Justice Finlay Geoghegan found that by failing to provide a procedure allowing an employee who was owed a debt by their former employer, a Company which is insolvent, to obtain an order as envisaged in Article 2(1)(b) it was sufficiently serious to warrant an award of damages against the State. Justice Finlay Geoghegan granted a Declaration that the State failed to correctly transpose the Directive and made an award of damages in the sum of €16,818.75, being equal to the award of the Rights Commissioner.

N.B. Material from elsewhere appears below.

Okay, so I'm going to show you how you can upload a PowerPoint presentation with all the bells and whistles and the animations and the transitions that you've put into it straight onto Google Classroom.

It is understood that the Department of Social Protection is currently considering the Judgment and consulting with its legal advisors on the implications of the Court of Appeal decision. In respect of redundancy payments, where the employer cannot afford to pay amounts due under the Redundancy Payments Acts 1967–2007 the employer and the employee can apply to the social insurance fund for a redundancy lump sum. The same formal requirements with regard to insolvency do not apply, and generally a letter from an accountant or solicitor confirming the employer’s inability to make the payment will be sufficient. Having a less formal requirement akin to the Redundancy Payments Acts above would seem to be a more practical and cost effective way to ensure that the Directive is implemented.
The Glegola decision also highlights the importance of looking past the relevant Irish legislation to the grounding European law to ensure that the aim and articles of a Directive have been fully transposed into Irish Law.